■ **EXERCISE DATA**
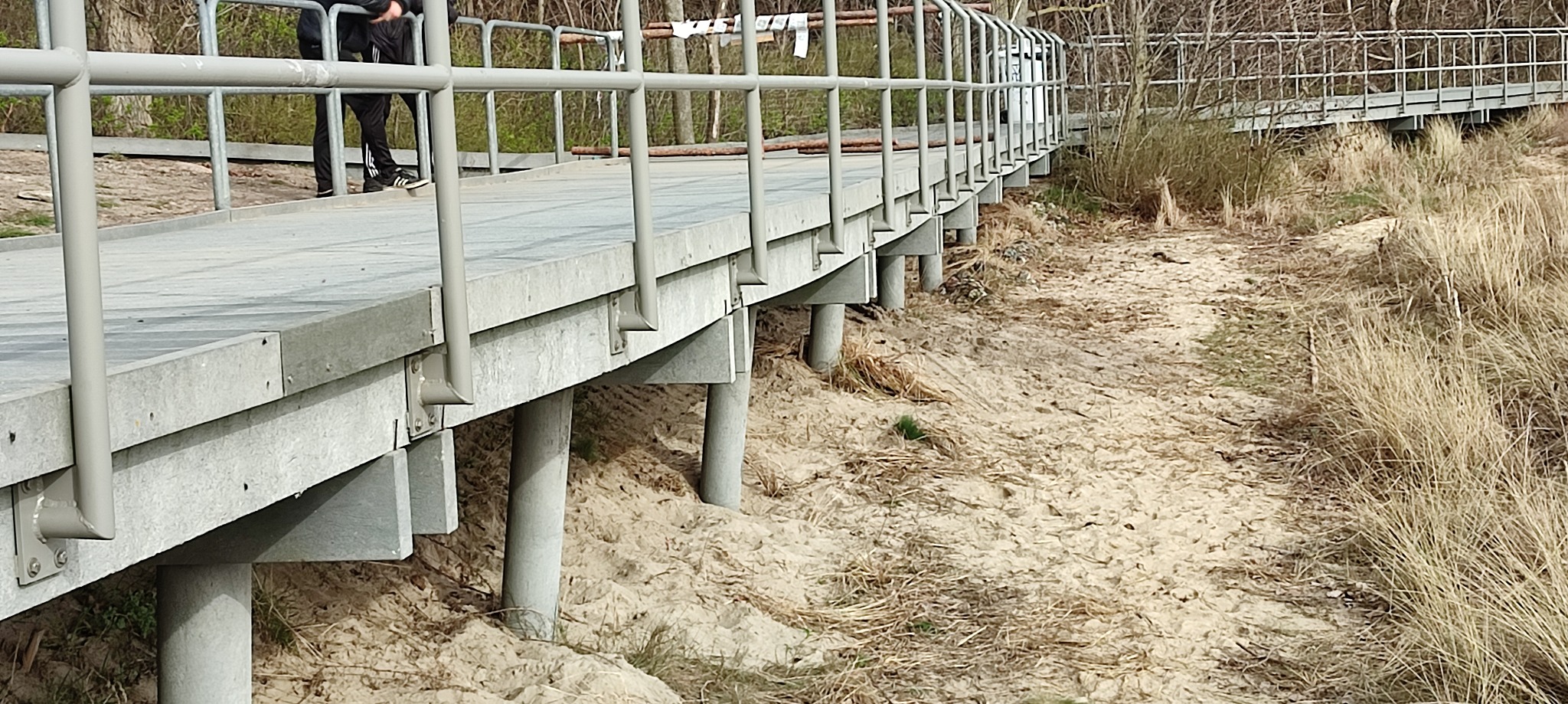 Długa, betonowa kładka z metalową barierką, wsparta na betonowych filarach, prowadząca przez piaszczysty teren z suchą trawą.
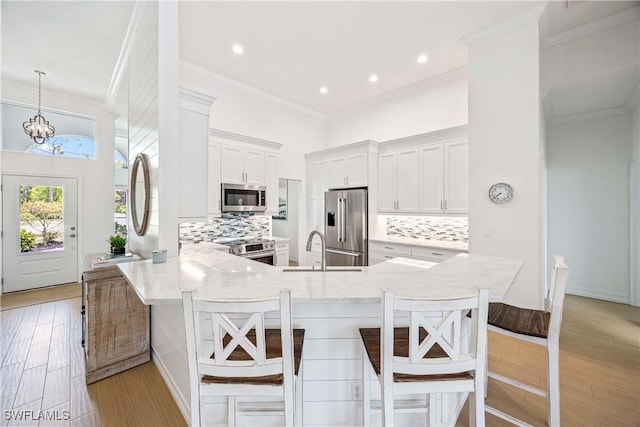 kitchen with stainless steel appliances, a sink, ornamental molding, white cabinets, and a peninsula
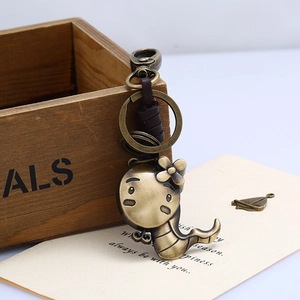 Macro view of brass cartoon snake keychain with vintage leather and metal ring details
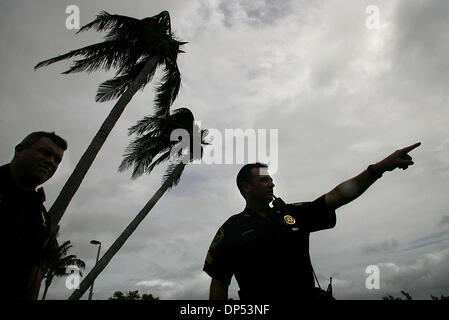 Aug 30, 2006; Boynton Beach, FL, USA; Boynton Beach Police Sergeant Steve Wessendorf (cq), right, points out to Sgt. Stewart Steele (cq) what he thinks is a loose boat on the Intracoastal Waterway Wednesday morning, Aug. 30, 2006. The Department expected much more activity, the worst of which would come from Tropical Storm Ernesto. The boat turned out to be on an anchor.  Mandatory Stock Photo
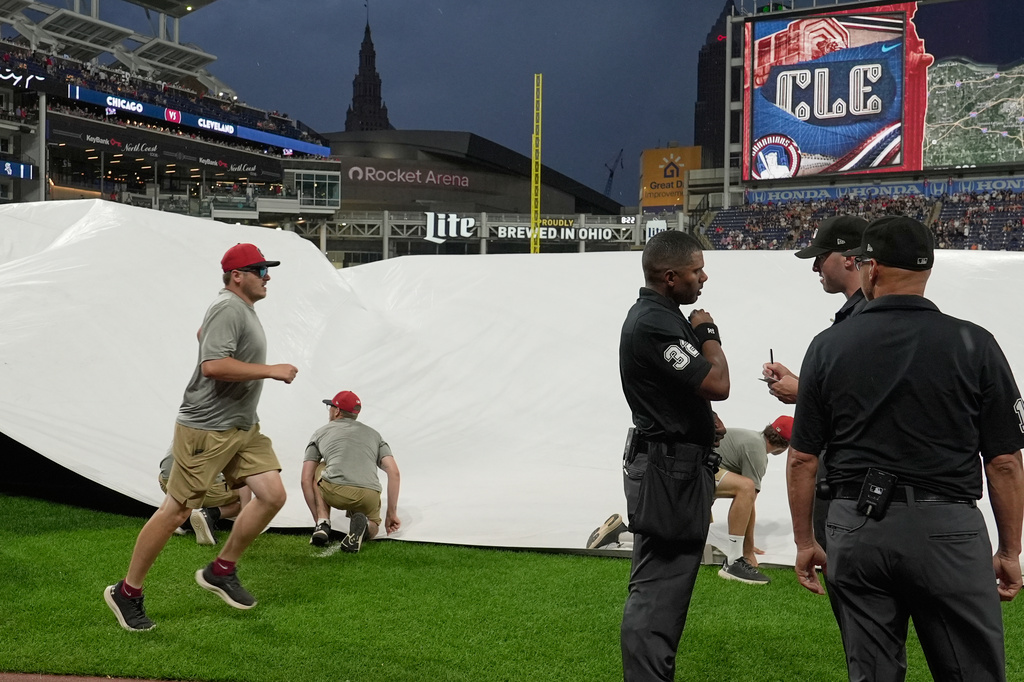 Umpires Edwin Moscoso (32), Nic Lentz, center, and Carapazza, right, talks near first base as the grounds crew covers the field with a tarp as a storm moves into Progressive Field in the fifth inning of a baseball game between the Chicago White Sox and the Cleveland Guardiansin Cleveland, Friday, July 3, 2026. (AP Photo/Sue Ogrocki)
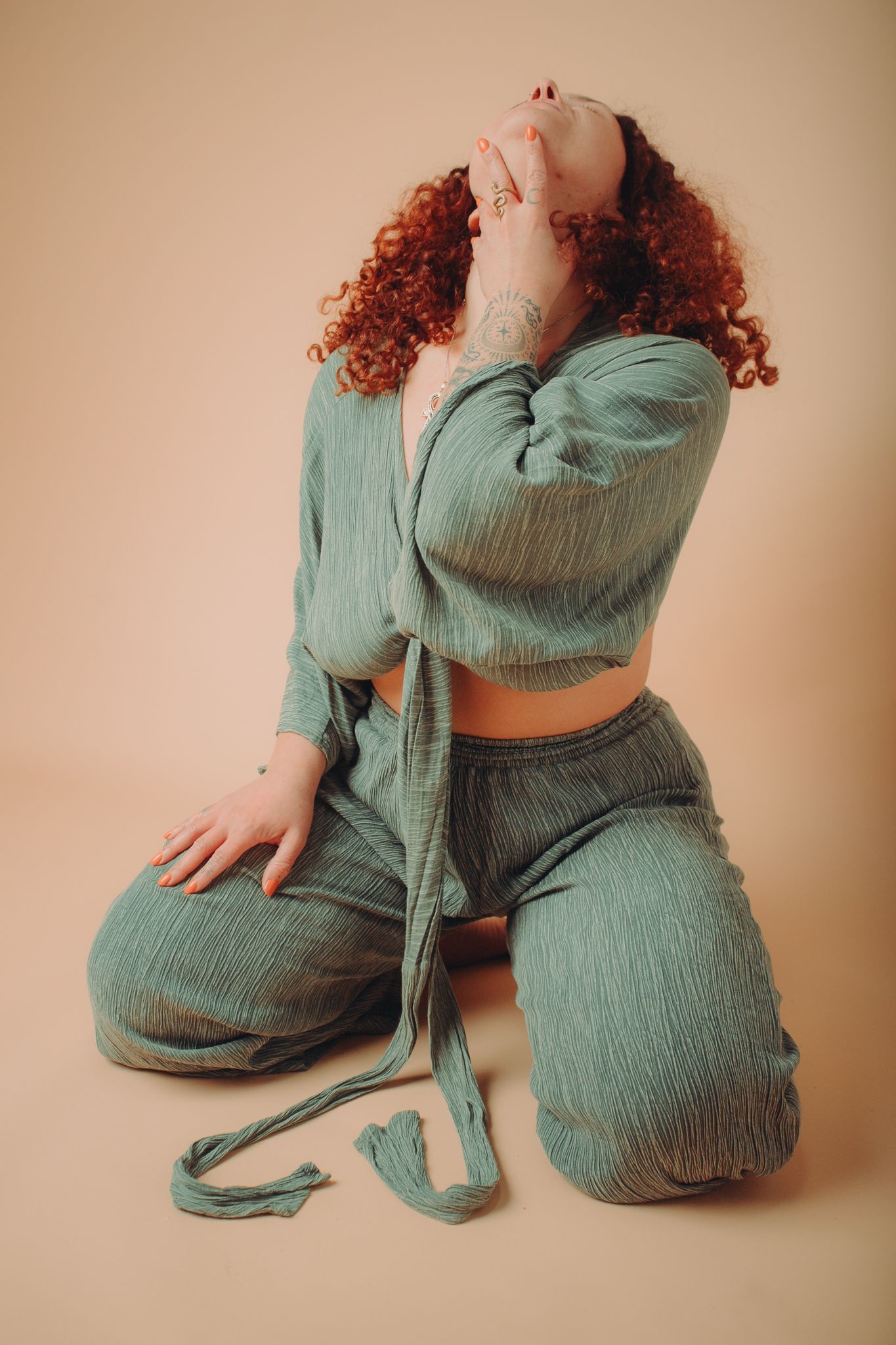 A woman with red curly hair is kneeling down and covering her face with her hand.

■ **ABOUT THIS TASK**
Skip every image and output the remaining records exactly.

■ **EXPECTED ANSWER**
 Długa, betonowa kładka z metalową barierką, wsparta na betonowych filarach, prowadząca przez piaszczysty teren z suchą trawą.
 kitchen with stainless steel appliances, a sink, ornamental molding, white cabinets, and a peninsula
 Macro view of brass cartoon snake keychain with vintage leather and metal ring details
 Aug 30, 2006; Boynton Beach, FL, USA; Boynton Beach Police Sergeant Steve Wessendorf (cq), right, points out to Sgt. Stewart Steele (cq) what he thinks is a loose boat on the Intracoastal Waterway Wednesday morning, Aug. 30, 2006. The Department expected much more activity, the worst of which would come from Tropical Storm Ernesto. The boat turned out to be on an anchor.  Mandatory Stock Photo
 Umpires Edwin Moscoso (32), Nic Lentz, center, and Carapazza, right, talks near first base as the grounds crew covers the field with a tarp as a storm moves into Progressive Field in the fifth inning of a baseball game between the Chicago White Sox and the Cleveland Guardiansin Cleveland, Friday, July 3, 2026. (AP Photo/Sue Ogrocki)
 A woman with red curly hair is kneeling down and covering her face with her hand.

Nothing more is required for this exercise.